John Woo returns to form with this epic historical drama with lots of action to spare.
Dir. John Woo
2008 | China/Hong Kong | Action/Drama | 146 mins | 2.35:1 | Mandarin
NC16 (passed clean) for bloody war violence
Cast: Tony Leung Chiu Wai, Takeshi Kaneshiro, Lin Chiling, Zhang Fengyi, Chang Chen, Zhao Wei
Plot: The first chapter of a two-part story centered on a battle fought in China’s Three Kingdoms period (220-280 A.D.).
Awards: Nom. for 4 Golden Horses – Best Supporting Actor, Best Art Direction, Best Makeup & Costume Design, Best Visual Effects
Source: Batrax Entertainment
Subject Matter: Moderate
Narrative Style: Slightly Complex
Audience Type: Mainstream
(Reviewed in theatres – first published 22 Jun 2008)
The “Battle of the Red Cliff” is one of the most significant chapters in one of the greatest literary Chinese novels of all time – “The Romance of the Three Kingdoms”. From print to screen, veteran Hong Kong filmmaker John Woo has finally realized his filmmaking ambitions after more than two decades.
Since the 1980s, Woo has been an influential figure in Hong Kong cinema, directing several crime pictures with actor Chow Yun Fat such as Hard Boiled and The Killer. His Hollywood ventures in the late 1990s were mixed, from the stylish action-thriller Face/Off to the awful sci-fi actioner Paycheck.
With a record breaking US$80 million budget and a crew of thousands, Woo now has the financial muscle to direct the most ambitious movie on Chinese history since Bernardo Bertolucci’s Oscar-winning The Last Emperor in 1987.
Red Cliff is filmed in two parts, the second episode to be released early 2009. With a story of such enormous complexity, it’s a shrewd tactic by Woo. Fans of the “Three Kingdoms” novel will be delighted with Red Cliff; the film is mostly faithful to its literary text, and gives its characters the proper development.
The battle sequences are plentiful and often last longer than expected. They bear the trademark of Woo’s unique action style – slow-motion fights that are violent and bloody which somewhat pushes the limits of its NC16 rating. Some of the most fascinating aspects of the battles lie in the scheming tactics of the two armies.

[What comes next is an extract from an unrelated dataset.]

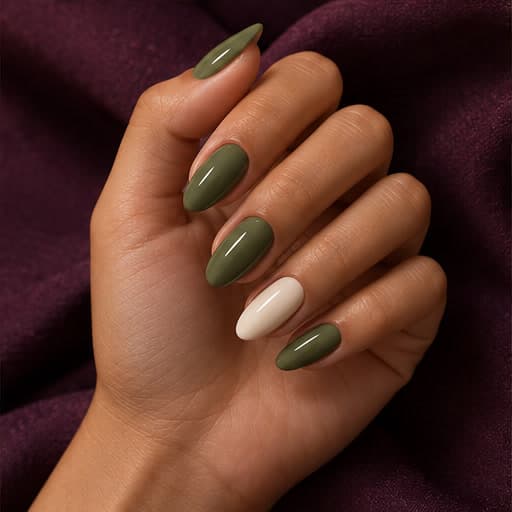 Olive green manicure on plum fabric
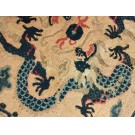 19th Century W. Chinese Round Ningxia Dragon Carpet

“We must fight even if we cannot win.”
Credit to Woo and some astonishing CGI wizardry, these are accomplished with stunning results. The drama in Red Cliff is also excellent; insightful humor and quiet, romantic scenes help to ensure that the film has its moments of tenderness and beauty (a rarely observed aspect of Woo’s films).
The cast features a mix of newcomers and veteran actors including Tony Leung and Lin Chiling. Most of them meet expectations though none of them stand out. There are two extraordinary sequences in Red Cliff – the thirty-minute ‘bagua formation’ ambush sequence, and during the final ten minutes when a CGI-ed tracking shot of a white bird (a John Woo trademark) flies from friendly to enemy territory, soaring across thousands of naval ships.
The music by Taro Iwashiro in Red Cliff is thus far the best of 2008, offering captivating themes that blend well with the visual splendor. I’m not surprised if it gets nominated for an Oscar for Best Original Score (as if it would).
Red Cliff reminds of Akira Kurosawa’s Kagemusha, with its epic scale of story and battle tactics. In fact, I dare say it’s a better film than Kurosawa’s work though it is less accomplished artistically. John Woo has done a remarkable job for Red Cliff considering it is his first foray into the war epic genre. It is certainly worth the wait and hype.